В нем много было от мальчугана — претензия всегда быть первым, эти неумеренные фантазии, даже хвастовство. Он говорил: «Я снял гениальное кино» — еще об «Андриеше». Жизнь вообще существовала для него преимущественно игровой своей стороной — он играл в безапелляционные суждения, в нелепо-обидные или пристрастные приговоры, бесконечно противореча самому себе. Так, он называл гениальным «Сталкера», а от «Рублева» отмахивался, считая его ниже всякой критики.
Но играл-то он с вещами чрезвычайно серьезными и чувствовал это как никто. Искусства, ремесла, история, народность, духовность — ко всему этому он обладал каким-то особо чутким чувствилищем. Его поэзия была не в шорохе листьев, а в росте, в движении корней.

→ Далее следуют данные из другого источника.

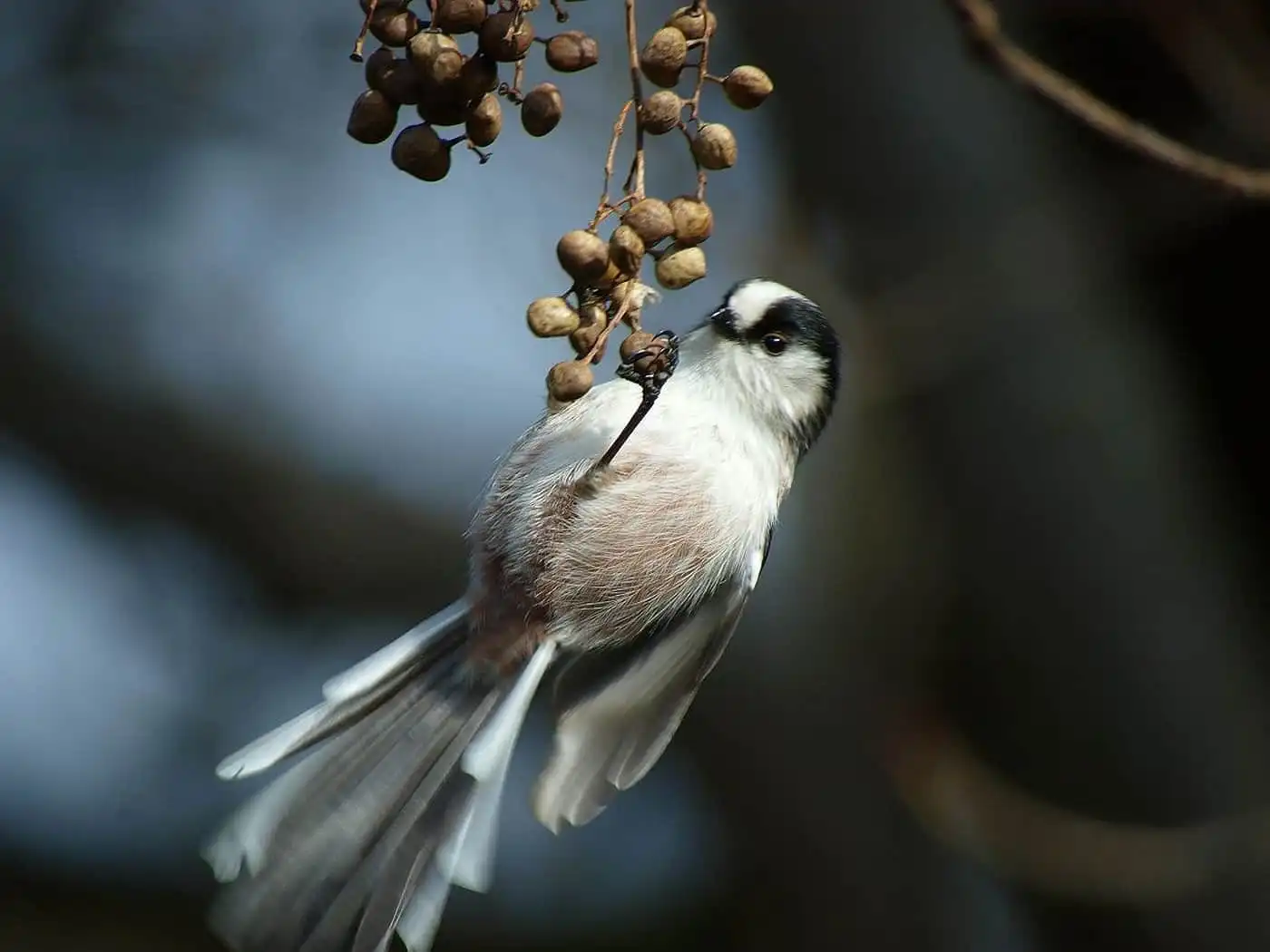 野鳥・木の実とエナガの写真画像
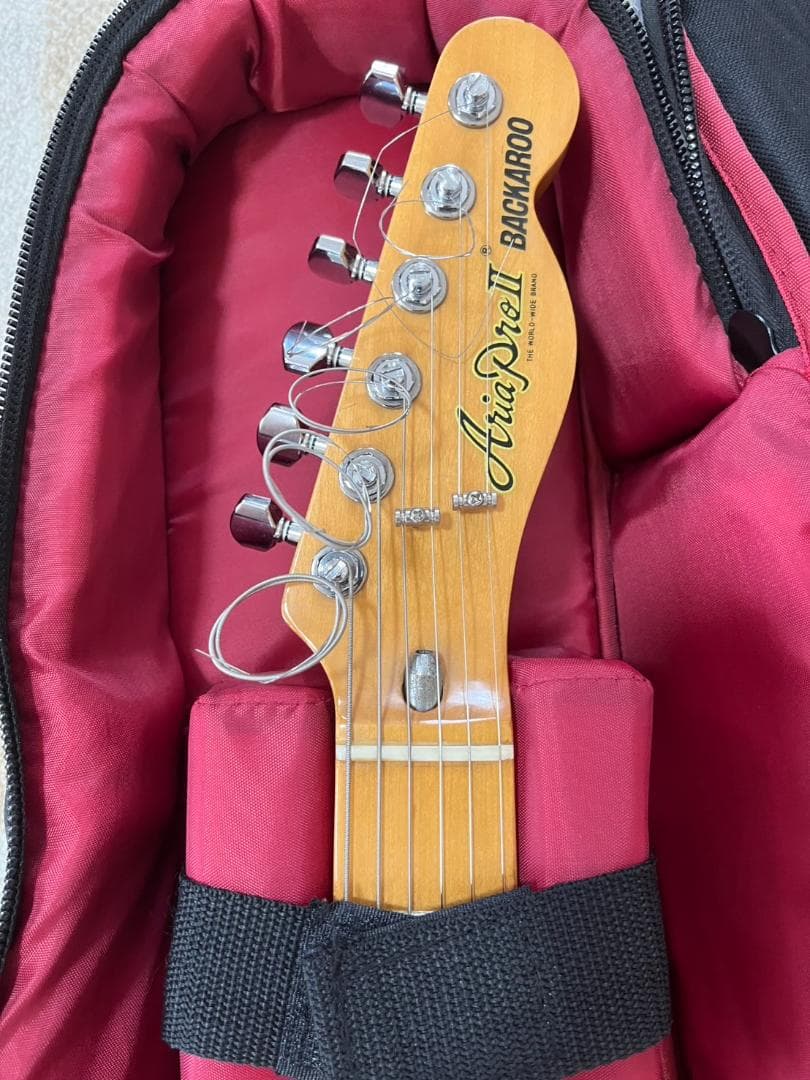 かにさんデラックス　1976年Aria Pro II TE-500N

В последние годы, вернувшись в Тбилиси, он сильно изменился. Вместо прежней высокой, вдохновенной заносчивости все чаще приходили желчность, гневливость и счет обид — на тысячи, на миллионы, будто разом лишился прежнего дара легко прощать. В глазах у него все время стояла печаль, он не мог ее спрятать. Таким, я думаю, был Орфей, вернувшийся .из ада,— ему открылось невыразимое для нас.
Когда спохватишься, сколько он сделал для нас... Когда подумаешь, что мы ему сделали! Вместо тепла и благодарности за могучий, абсолютно оригинальный талант — пятнадцать лет вынужденного простоя, в самом расцвете дарования. От высоких и трудных замыслов мы оттесняли его в застольное словесное творчество...
Насколько богаче было бы человечество, если 6 не побивало камнями самых светлых и самых веселых из своих пророков.